• WHAT YOU NEED TO DO
Read each of the lines below and tally those with "para"; the tally is the whole answer.

══ RECORDS PROVIDED

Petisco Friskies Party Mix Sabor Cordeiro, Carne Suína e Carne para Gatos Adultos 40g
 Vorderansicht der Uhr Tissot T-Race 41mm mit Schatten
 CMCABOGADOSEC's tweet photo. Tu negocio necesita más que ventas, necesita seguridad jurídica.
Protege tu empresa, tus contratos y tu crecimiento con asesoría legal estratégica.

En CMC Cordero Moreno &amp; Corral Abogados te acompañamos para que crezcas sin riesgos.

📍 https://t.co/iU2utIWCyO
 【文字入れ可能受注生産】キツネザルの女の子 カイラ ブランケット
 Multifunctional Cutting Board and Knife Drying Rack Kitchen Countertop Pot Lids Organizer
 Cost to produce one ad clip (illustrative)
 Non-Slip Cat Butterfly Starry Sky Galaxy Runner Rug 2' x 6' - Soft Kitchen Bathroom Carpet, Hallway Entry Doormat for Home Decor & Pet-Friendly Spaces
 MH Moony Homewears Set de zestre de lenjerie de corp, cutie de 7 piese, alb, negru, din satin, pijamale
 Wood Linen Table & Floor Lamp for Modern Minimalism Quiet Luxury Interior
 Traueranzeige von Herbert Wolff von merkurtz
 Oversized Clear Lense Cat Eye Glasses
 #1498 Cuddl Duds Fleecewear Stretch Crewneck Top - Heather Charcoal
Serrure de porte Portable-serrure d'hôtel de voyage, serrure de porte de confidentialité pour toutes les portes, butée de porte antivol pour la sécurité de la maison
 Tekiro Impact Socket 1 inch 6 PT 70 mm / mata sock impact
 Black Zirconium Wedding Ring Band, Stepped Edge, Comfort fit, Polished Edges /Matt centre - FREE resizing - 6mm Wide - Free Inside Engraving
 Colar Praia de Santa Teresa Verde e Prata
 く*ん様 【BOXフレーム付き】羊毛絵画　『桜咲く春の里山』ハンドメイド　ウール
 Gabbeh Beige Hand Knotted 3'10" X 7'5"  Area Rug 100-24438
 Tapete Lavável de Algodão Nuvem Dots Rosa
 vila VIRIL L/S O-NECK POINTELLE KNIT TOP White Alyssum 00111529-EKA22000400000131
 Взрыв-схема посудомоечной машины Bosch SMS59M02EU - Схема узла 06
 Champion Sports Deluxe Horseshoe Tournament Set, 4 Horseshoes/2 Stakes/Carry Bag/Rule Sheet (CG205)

════

• EXERCISE RESPONSE
2